A stepped-up use of a federal low-income housing tax credit program may spur the construction of needed affordable housing.
So says the New York-based Corporation for Supportive Housing, which in a report is saying that the country is in current need of more than 1.1 million units of such housing.
That housing, the group maintains, also decreases a “high utilization of emergency services and public systems,” while “improving longterm health and well being for vulnerable individuals and families.”
Those living in such housing units are typically people with incomes defined as being at or below 30 percent of area median income.
The Corporation for Supportive Housing points in particular to the Low-Income Housing Tax Credit program, which was launched in 1986 and is designed to finance both the construction and rehabilitation of new and existing housing units.
The incentives in the program are geared especially for both investors and private developers taking on low-income housing projects.
As applied, the program provides those investors and developers with a reduction in their federal tax liability in exchange for taking on affordable rental housing projects.

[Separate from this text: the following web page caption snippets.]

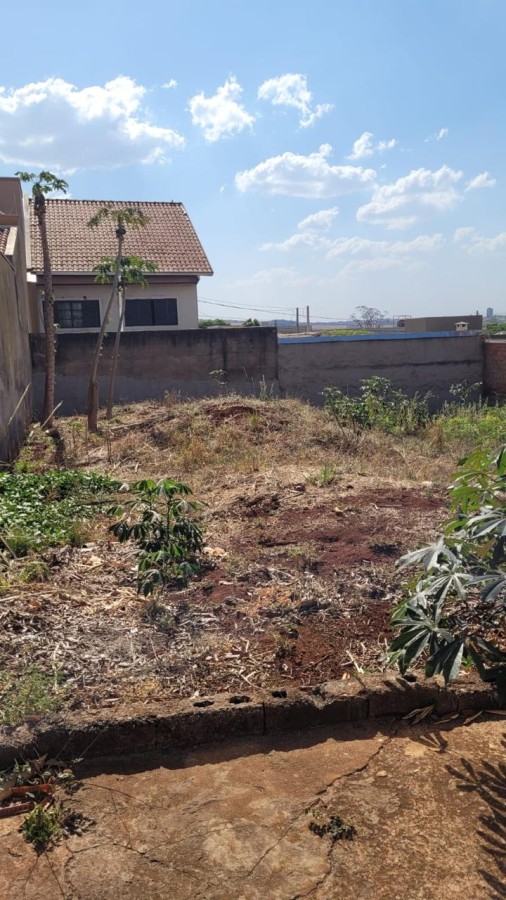 Terreno, 160 m² - Foto 1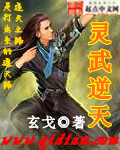 91在线中文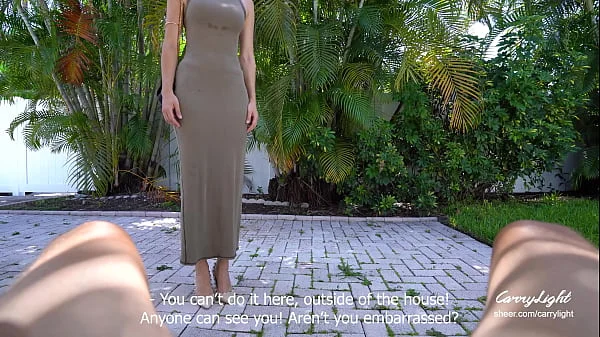 Step Mom Caught Step Son Jerking off and help him to Cum Quick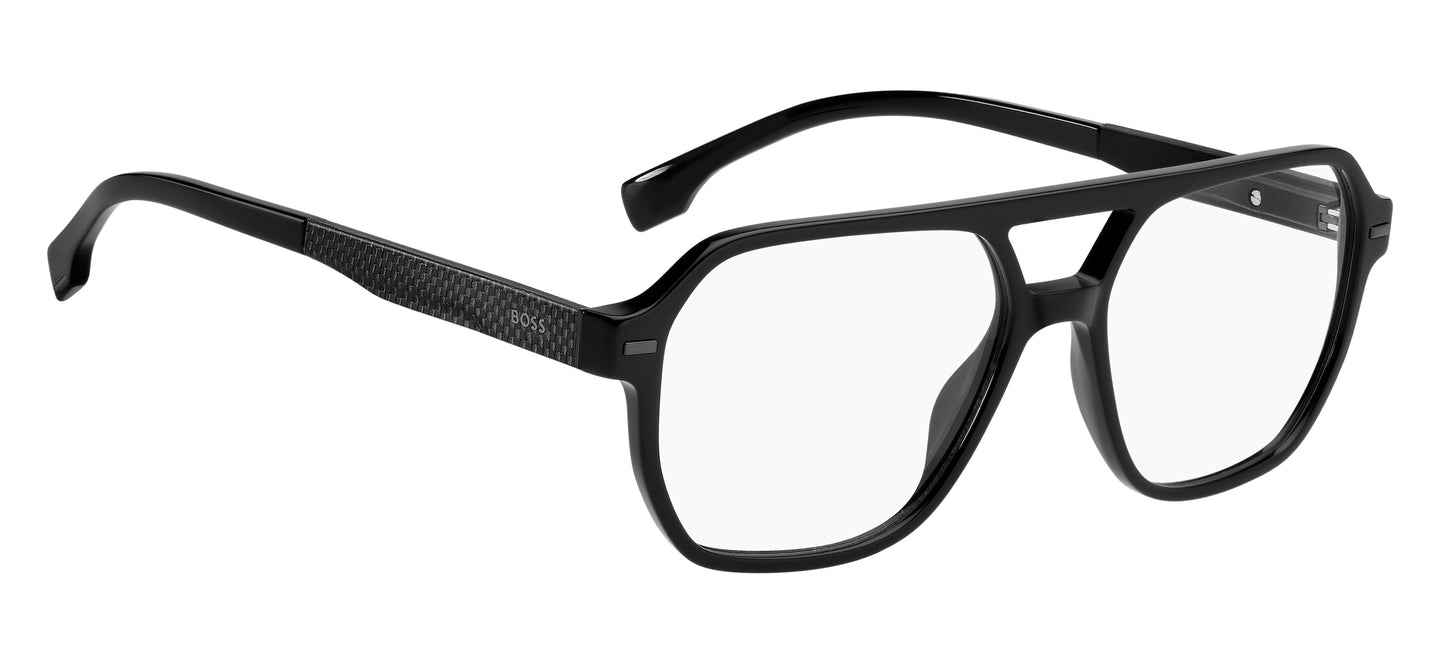 Hugo Boss Black Boss 1843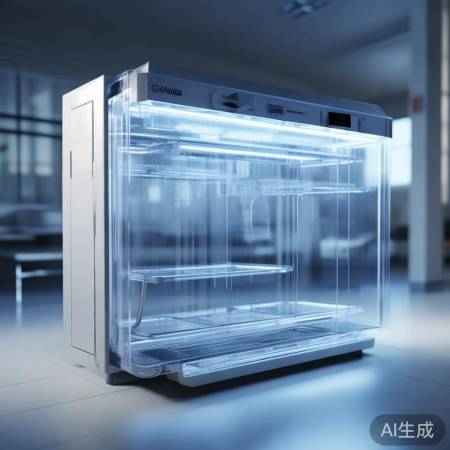 消毒柜选知名品牌,材质标识更放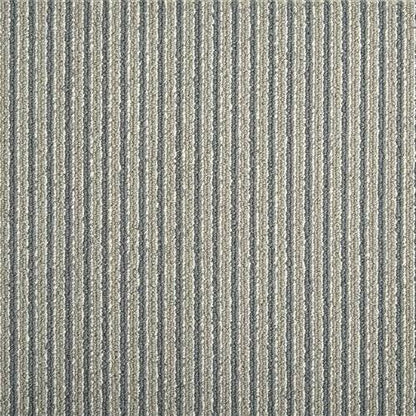 Brighton in Osprey Carpet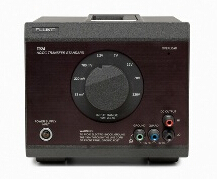 �B�Ƹ۽�ֱ���D(zhu��n)�Q늉��˜�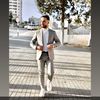 mohammadalkhatib499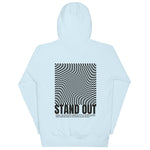 STATUS Hoodie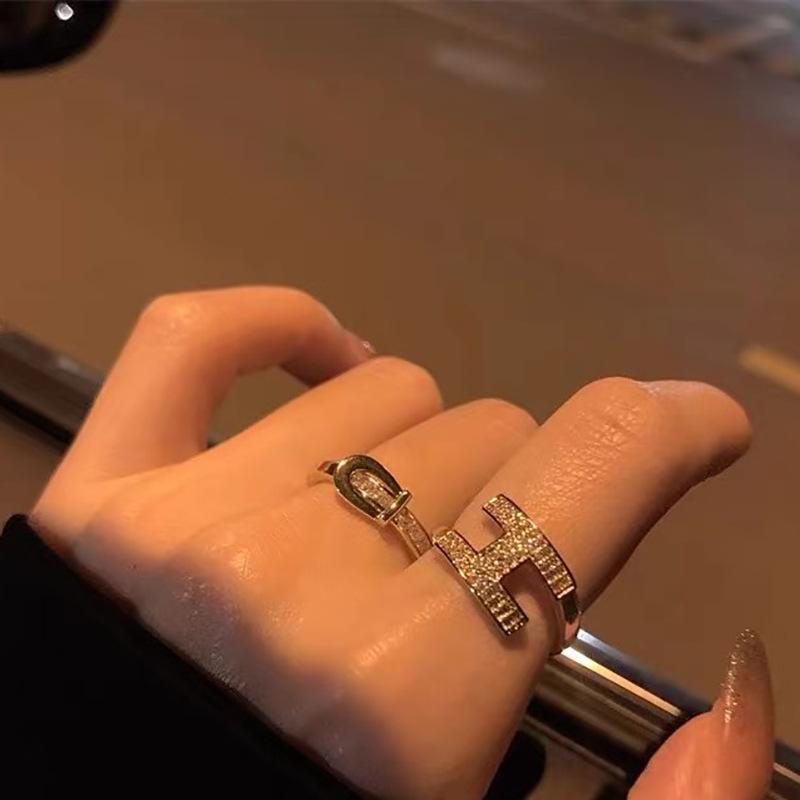 cfb0eb039886ce04aa1a3c3ef08c4e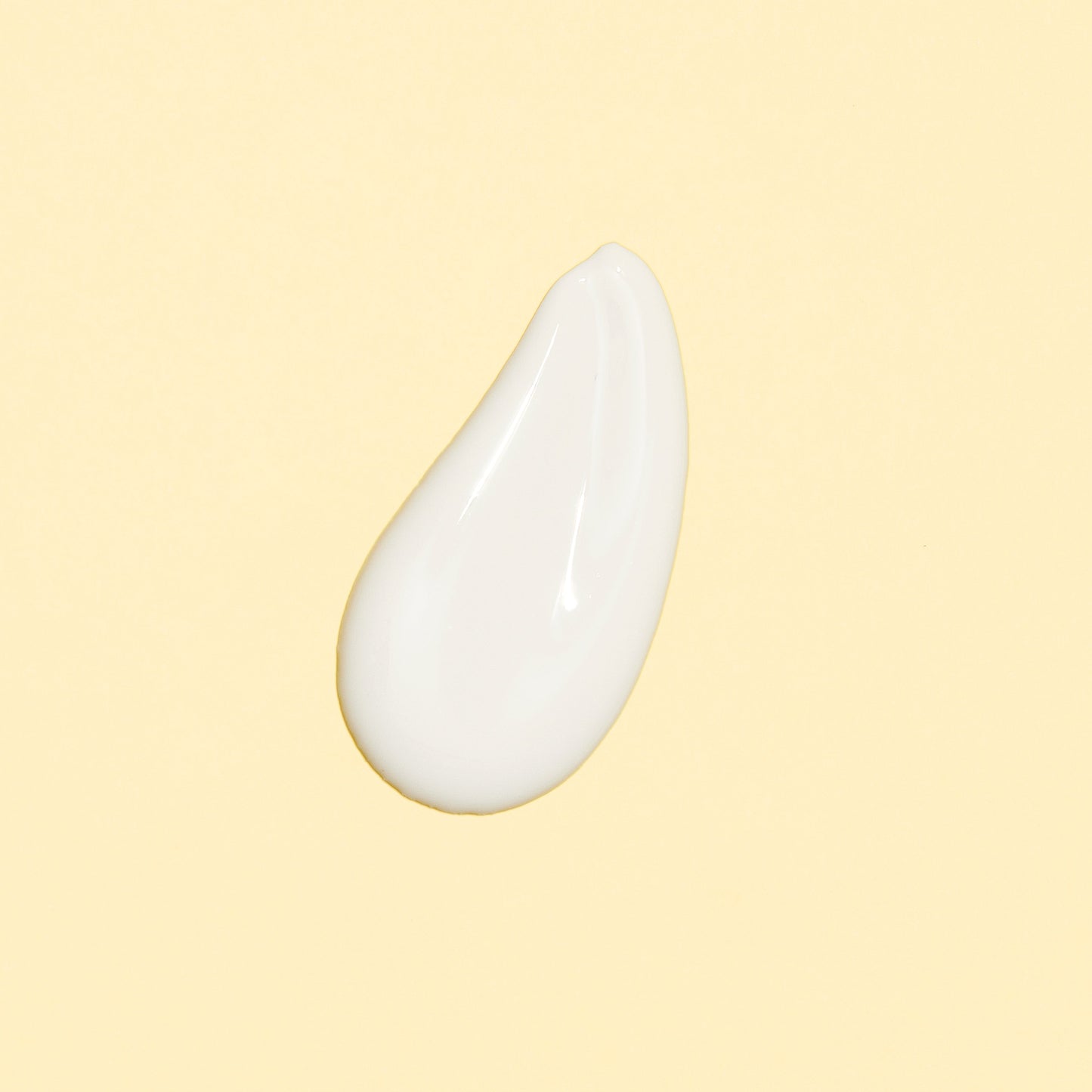 Pasta al agua Eryderm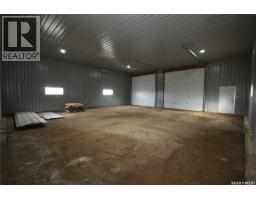 Highway 29 South Acreage, Battle River Rm No  438, SK S0M0E0 Photo 46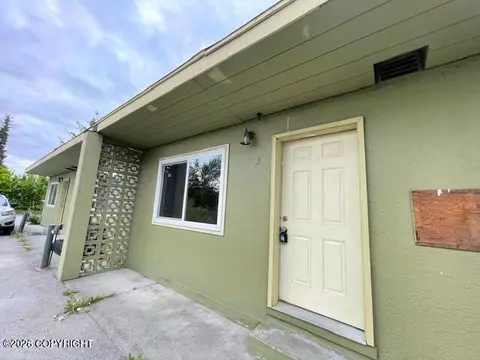 Other - 1227 E 11th Ave, Anchorage, AK 99501 photo 6 of 16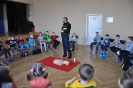 Zimowisko 2015_41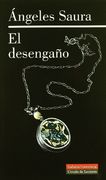 Desengaño el Galaxia Gutenberg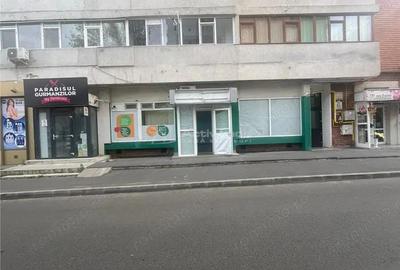 Mazepa 2 spatiu comercial 80mp - 6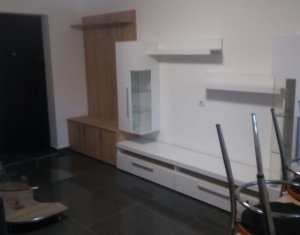 , 50m2 on Cluj-napoca, Zóna Zorilor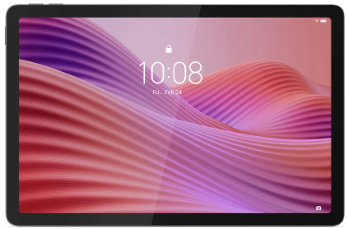 TABLET LENOVO TAB ZAEH0151BR 4/64GB - OCTACORE WIFI+BLUETOOTH ANDROID 14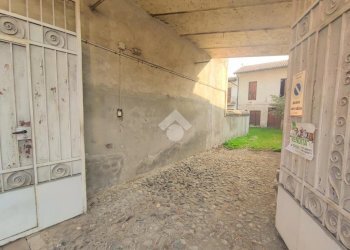 Casa indipendente Piazza Perino, Volpedo - foto 30
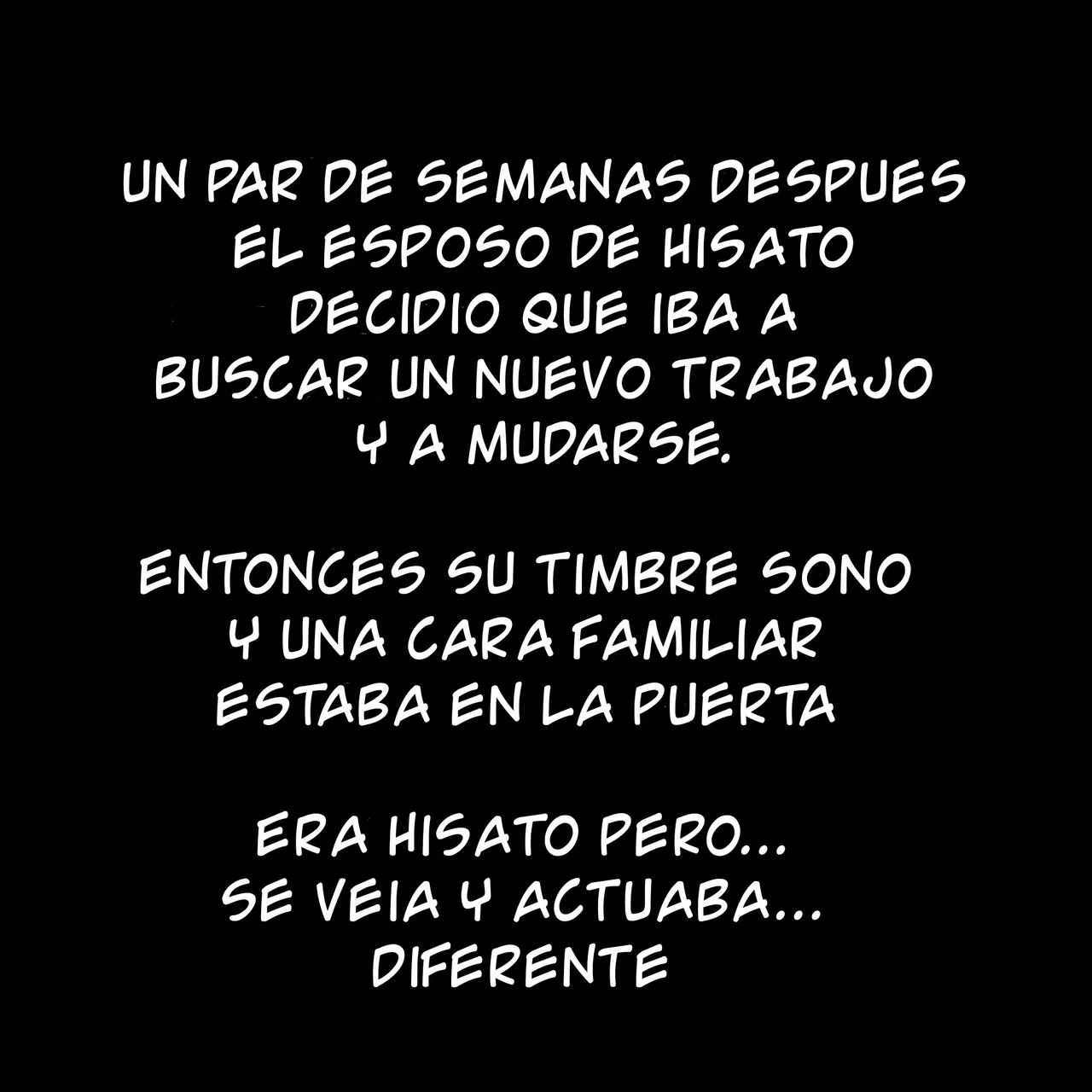 [PS-AI] Hisato's Office NTR [AI Generated] numero di immagine  63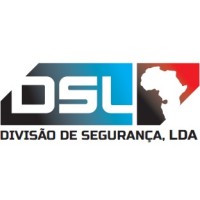 DSL - Divisão de Segurança, Lda logo - Similar company to Audazes, Lda - Private Security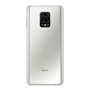 Xiaomi Redmi Note 9 Pro (dual sim) 128 Go blanc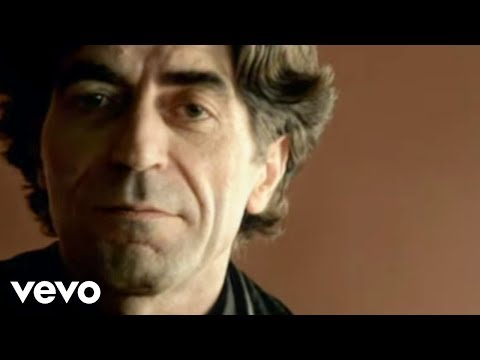 Joaquín Sabina - 19 Días y 500 Noches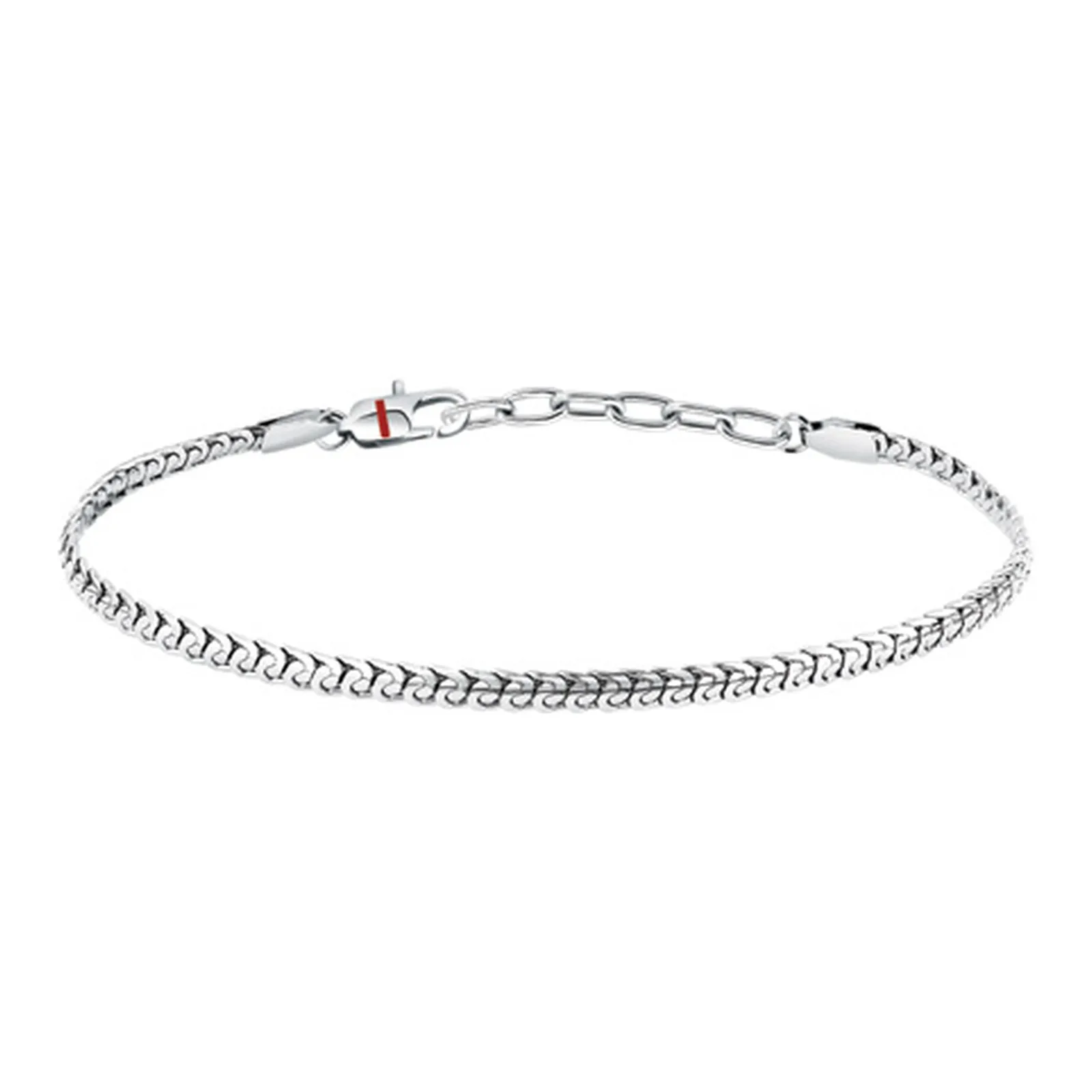 Sector Basic bracciale SZS151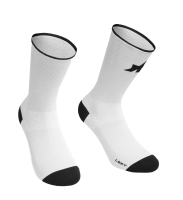 Assos RS Superleger Socks S11
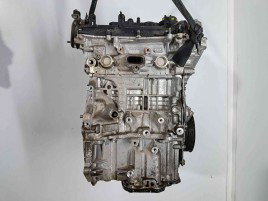 Motor complet ambielat  Dacia Logan 3 [Fabr 2021-2024] H4D E470 1.0 TCe H4D470 67KW / 91CP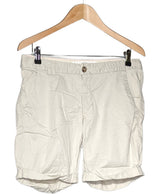 529201 Shorts et bermudas H&M Occasion Once Again Friperie en ligne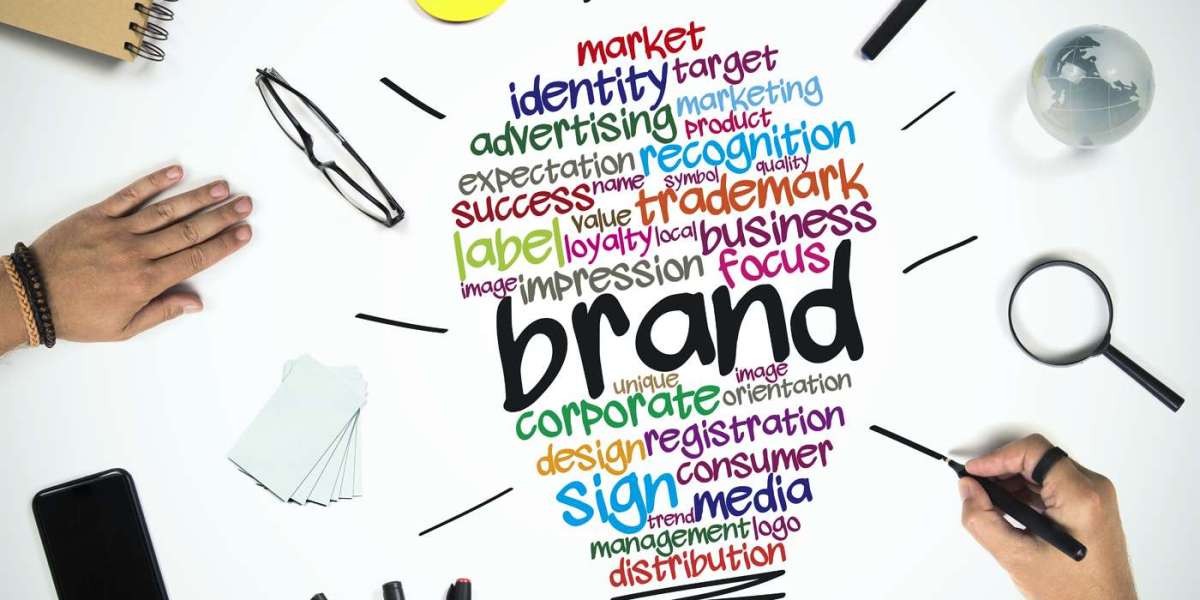 Top Benefits of Hiring a Professional PR 公司 for Your Brand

All tax credits earned under the program can only be awarded only after those investors and developers provide detailed plans for the projects they are taking on.
Those plans are typically submitted to a state’s housing authority, which annually receives a certain amount of federal tax credits for the program, typically in the tens of millions of dollars.
In an interview with the magazine Apartment Finance Today, Robert Friant, Corporation for Supportive Housing spokesperson, asserted that in order for the incentives program to realize its full potential, “states need to reserve designated amounts of tax credit allocations specifically to create quality supportive housing.”